DhineshSunder Ganapathi
Nerd For Tech
Published in
2 min readJun 12, 2022

--

In a distributed environment with a central (or leader) server, if the central server dies, the system must quickly find a substitute, otherwise, the system can quickly deteriorate. The scenario in which a distributed system has two or more active leaders is called split-brain. In this article, let’s learn about implication of split brain and how we can handle this.

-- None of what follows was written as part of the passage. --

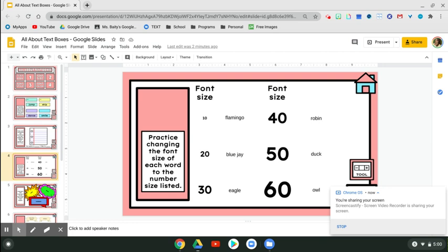Hey friends! So I'm going to show you how to change the font size. So this is the tool that we're going to use. You don't see it right now until you actually click on the word.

Photo by Jackson Simmer on Unsplash

Split brain is a state of a server cluster where nodes diverge from each other and have conflicts when handling incoming I/O operations. The servers may record the same data inconsistently or compete for resources. This will usually shut the cluster off while the nodes wait for some direction on how to solve the conflict, which leads to downtime for your servers or even worse, data corruption.

PROBLEM

One of the problems is that we cannot truly know if the leader has stopped for good or has experienced an intermittent failure like a stop-the-world GC pause or a temporary network disruption. Nevertheless, the cluster has to move on and pick a new leader. If the original leader had an intermittent failure, we now find ourselves with a so-called zombie leader. A zombie leader can be defined as a leader node that had been deemed dead by the system and has since come back online. Another node has taken its place, but the zombie leader might not know that yet. The system now has two active leaders that could be issuing conflicting commands. How can a system detect such a scenario, so that all nodes in the system can ignore requests from the old leader and the old leader itself can detect that it is no longer the leader?

Solution

Every time a new leader is elected, the generation number gets incremented. This means if the old leader had a generation number of ‘1’, the new one will have ‘2’. This generation number is included in every request that is sent from the leader to other nodes. This way, nodes can now easily differentiate the real leader by simply trusting the leader with the highest number. The generation number should be persisted on disk, so that it remains available after a server reboot. One way is to store it with every entry in the Write-ahead Log.

Examples

Kafka: To handle Split-brain (where we could have multiple active controller brokers), Kafka uses ‘Epoch number,’ which is simply a monotonically increasing number to indicate a server’s generation.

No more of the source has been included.